Uma das coisas bacanas de se ler as mensagens deixadas aqui no blog é perceber que aparece gente de tudo quanto é lugar do Brasil e do exterior. Um luxo! Um leitor do Principado das Asturias pede contato para esclarecer sobre um poema que estaria sendo creditado a um chileno... Ah, lá vem essa história de novo. Olha, não é um poema. Há anos que uma crônica minha chamada A Morte Devagar, publicada em novembro de 2000, circula pela internet como se fosse de Pablo Neruda, rebatizada como "Morre lentamente". Virou um caso célebre de clonagem virtual. Esse texto já foi até lido em plenário na Itália, ajudando a derrubar o primeiro-ministro no início desse ano. Claro que foi lido como se fosse do Neruda, quem eu penso que sou? Mas o engano foi desfeito. No dia seguinte descobriram que a autora era uma brasileira e tive meus 15 minutos de fama nos jornais italianos por conta desse episódio hilário. Então, esclarecendo ao leitor das Asturias: o texto é de minha autoria e está publicado no meu livro Non-Stop, Crônicas do Cotidiano. O Neruda? Ah, o Neruda é apenas um escritor que ganhou o Prêmio Nobel de Literatura, nada mais que isso...



Segunda-feira


Uma nova semana começando e muita coisa para se fazer. E o tempo vai passando, passando rápido demais. Já estamos em fevereiro, perceberam? E 'vamo que vamo"! Boa semaninha à todos!

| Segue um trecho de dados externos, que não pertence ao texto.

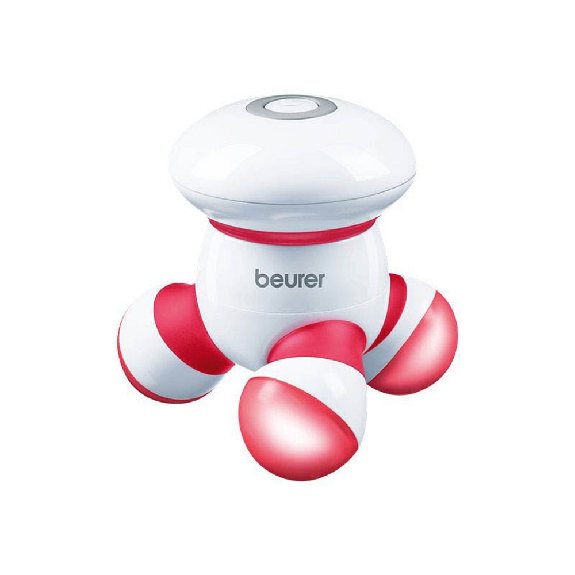 Beurer Mini-Massagegerät MG 16 - Rot-Beschreibung lesen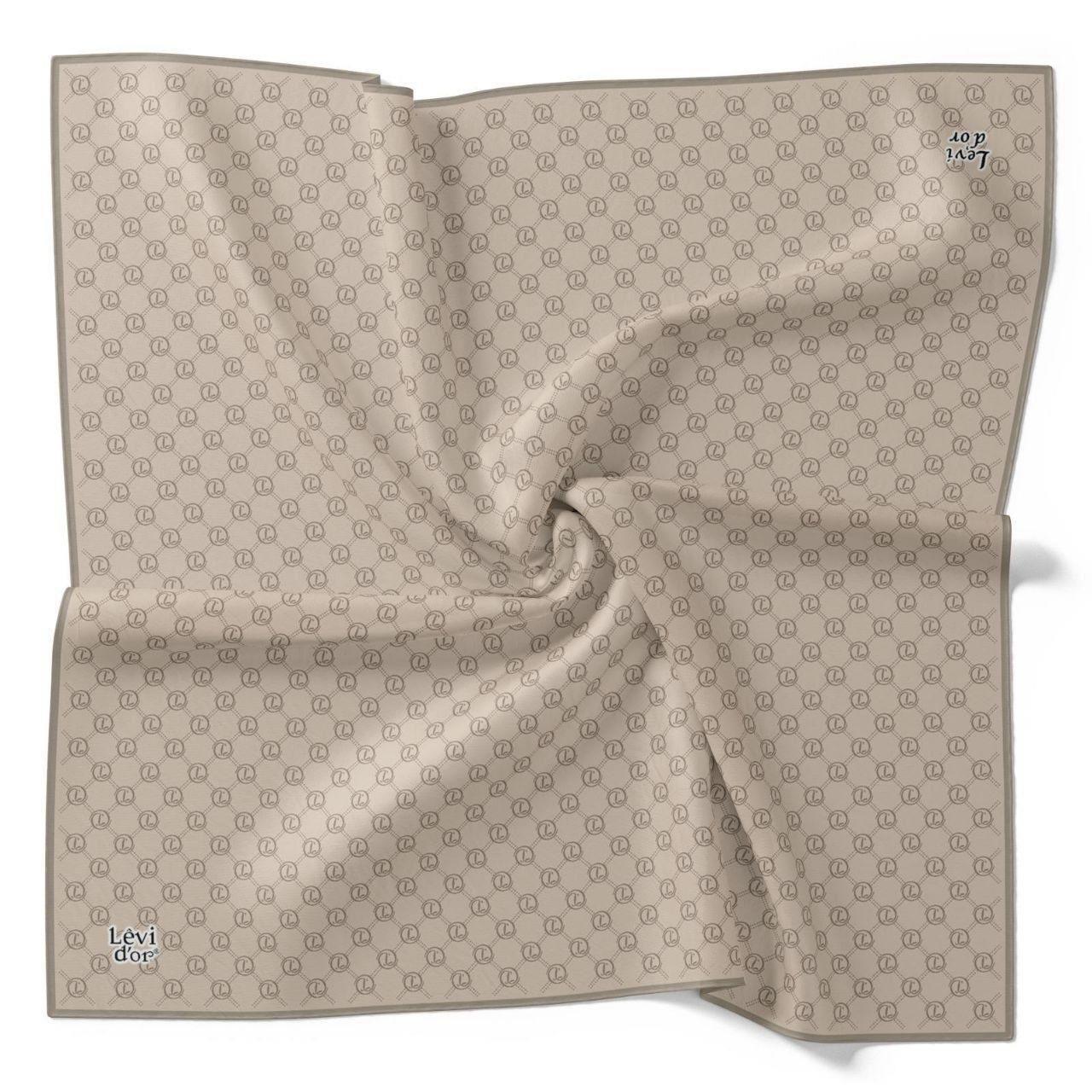 LEVİDOR Tivil İpek Eşarp 1187-71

domingo, 1 de fevereiro de 2009

Poesia de domingo


O beijo da quilha
na boca da água
me vai trocando entre céu e mar,
o azul de outro azul,
enquanto
na funda transparência
sinto a vertigem
de minha própria origem
e nem sequer já sei
que olhos são os meus
e em que água
se naufraga minha alma

Se chorasse, agora,
o mar inteiro
me entraria pelos olhos.

Mia Couto

(Na boca da água)




Refrescando a cuca

Oi, turma!


Tô na minha 'bat-caverna' da montanha. Não dava mais para suportar o calor dos infernos que está naquela cidade. Subimos a serra com chuva e tudo, deixando uma temperatura de 33 graus e passando para 18. E quem precisa de ar condicionado em Petrópolis?!


Mas não foi somente eu e o maridex que caimos fora da fornalha, não. O casal Celulari e Cláudia Raia também está por aqui, descansando e, pelo visto, fugindo do calorão do Rio.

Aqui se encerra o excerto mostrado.